Frans Kragten stelde de ontwikkeling van zijn damevleugel enige tijd uit. Toen Paul Roomer op de andere flank begon aan te dringen, leek zwart de stelling te kunnen controleren. Een te laat gespeelde … Lf5-zet van de Caïssa-Eenhoorn-routinier bood wit de kans op een mat in twee. Op zijn beurt speelde hij Dh6 een zet te laat. Frans kon nu wel alle dreigingen afwenden en na een lange paardmanoeuvre staakte zijn opponent de strijd, omdat hij de kwaliteit ging verliezen en een stelling zonder mogelijkheden overhield.

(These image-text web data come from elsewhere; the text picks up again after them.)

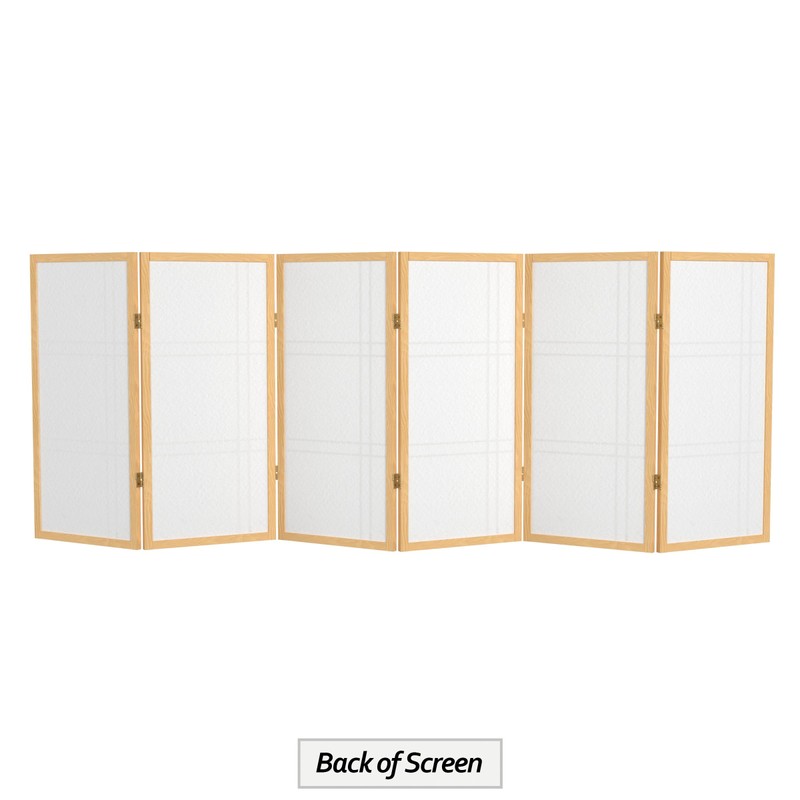 3 ft. Short Double Cross Shoji Screen - Natural -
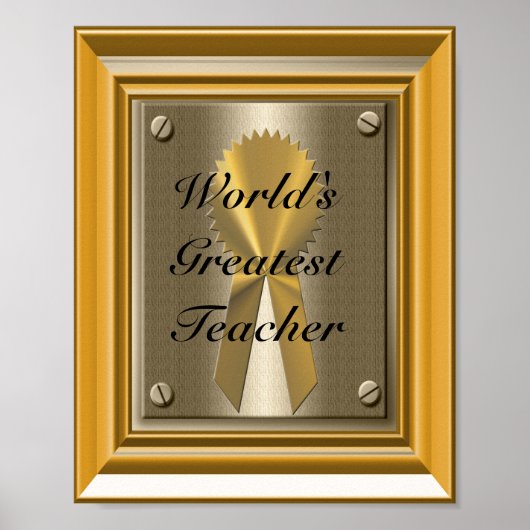 Poster du meilleur enseignant du monde (Devant)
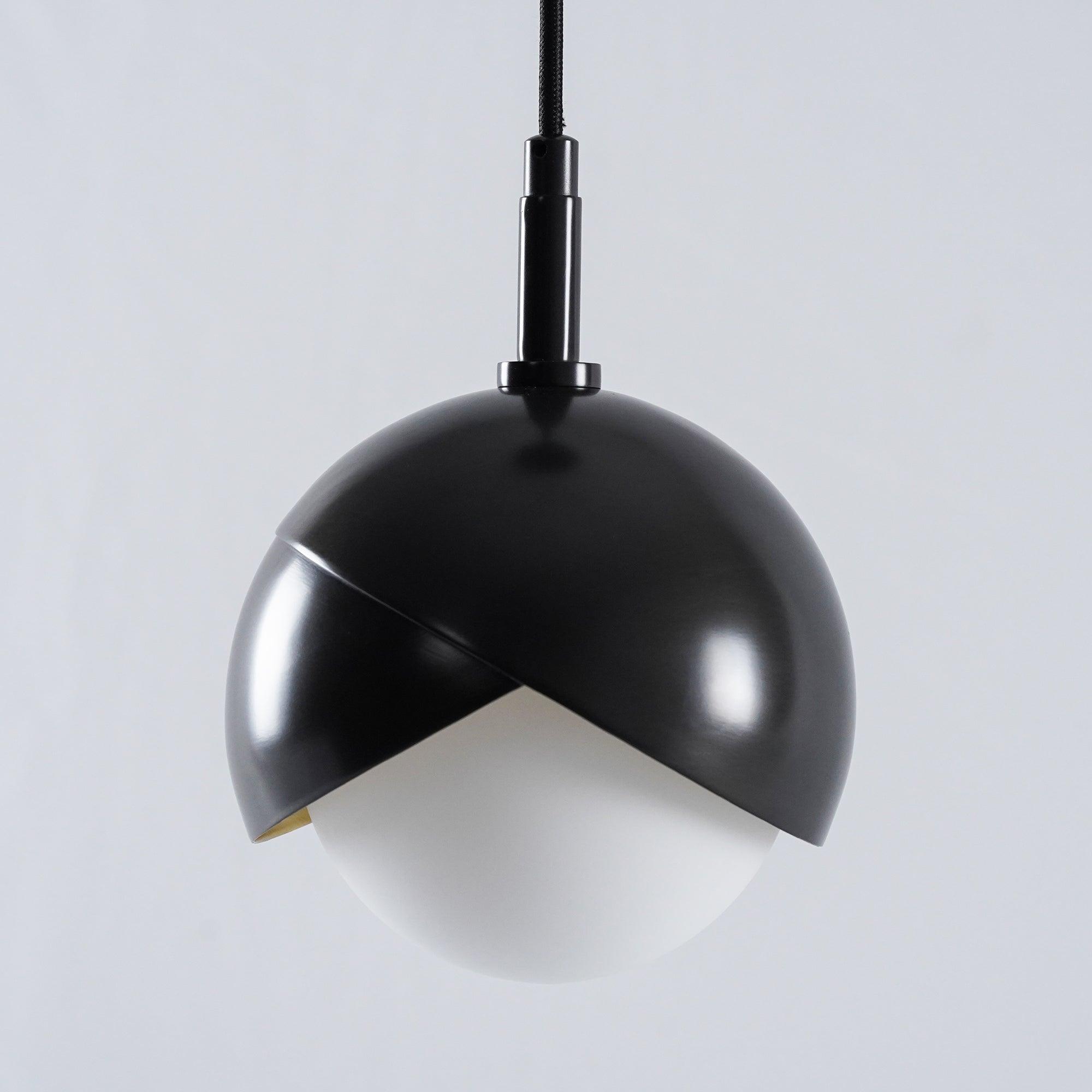 Jynara Pendant Lamp Brass Nested Opal Globe Modern
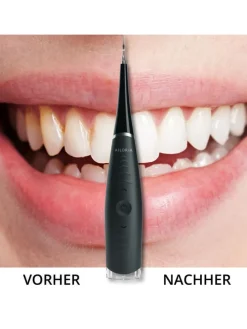 DEPLAQUED Schall-Zahnreiniger in schwarz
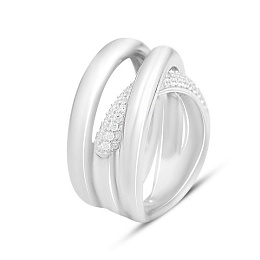 Silver Ring with Fianites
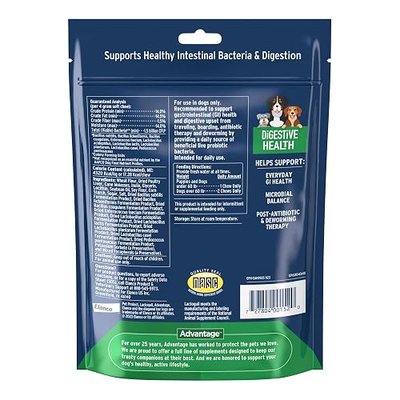 Pet Protect Digestive Health Supplement with Probiotics for Dogs, Vet-Formulated Lactoquil, Chicken-Flavored Soft Chews (60 Count)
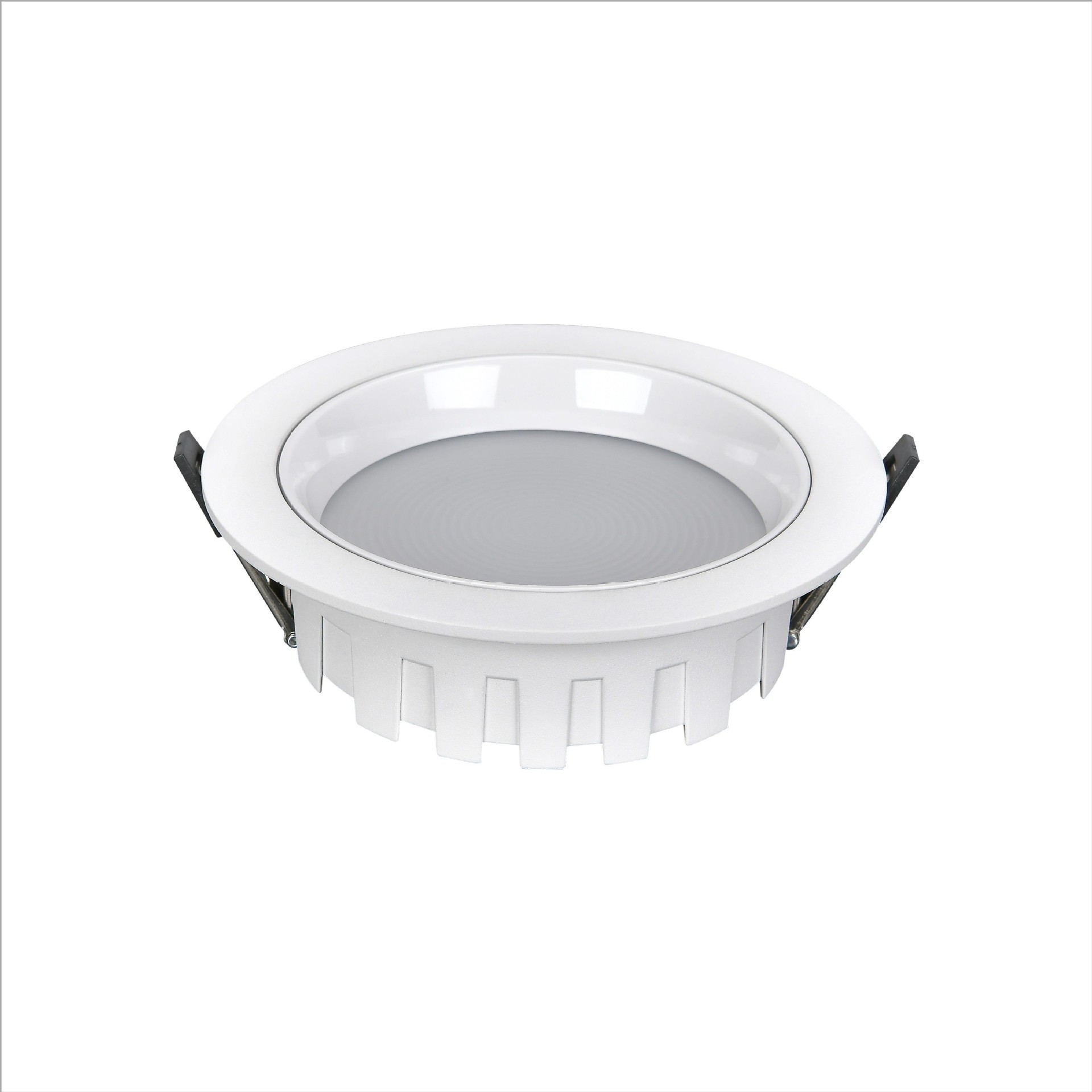 Aluminum led Ultra-thin Deep Cup Anti-glare Downlight Embedded Corridor Entrance Low Ceiling Downlight Hotel Engineering Commercial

De thuisploeg profiteerde niet van het mazzeltje, want daarna ging het op alle borden mis. Frank Tieken kwam goed uit de opening, maar kreeg een centrumaanval tegen zich. Nu was het Rinus Roskam die als witspeler een voor zwart vervelende pion op e6 posteerde. De beslissing viel, toen een onverdedigd paard sneuvelde. Frank sputterde nog wel wat tegen, omdat hij met opgeschoven pionnen druk uitoefende op de damevleugel. De Koedijk-speler had zijn verdediging op niveau en kon zelf op de andere flank een mataanval opzetten.

Arnold van der Wolff ging gelijkop met Jan van Dam, maar er kwamen scheurtjes in de stelling toen hij voor een open d- in plaats van open c-lijn ging. Een kwaliteitsoffer daarop pakte niet goed uit. Ter compensatie had wit tijdelijk twee pionnen, maar in het eindspel was de materiële voorsprong van de zwartspeler nog steeds groot: de kwaliteit voor een pion. Tot overmaat van ramp miste wit met zijn laatste zet een mat in twee.

Ondertussen keek Fred Avis lang tegen een stelling met mogelijkheden aan. Met zwart zette hij meteen Jan Barteling – die zijn f-pion voor ontwikkeling had geofferd – onder druk. Ondanks op het oog krakkemikkige verdedigingen kozen beiden voor de korte rokade. Het verhoogde de amusentswaarde van de partij. Zwart speelde op kwaliteitswinst, wit had de pion op f7 (… g5 was al gespeeld) in het vizier. Na een korte slijtageslag had Fred een loper tegen drie pionnen, maar zag de Koedijker aanval er sterk uit. Het Hoornse voordeel was ondertussen verdampt en wit probeerde zijn vrijpionnen in stelling te brengen. Op de 35e zet had de clubvoorzitter met driemaal dezelfde stelling remise binnen bereik. Door de 3-4 stand schoot het team daar niets mee op. Zwart bleef op de winst spelen en moest daar duur voor betalen, toen de h-pion niet meer af te stoppen bleek.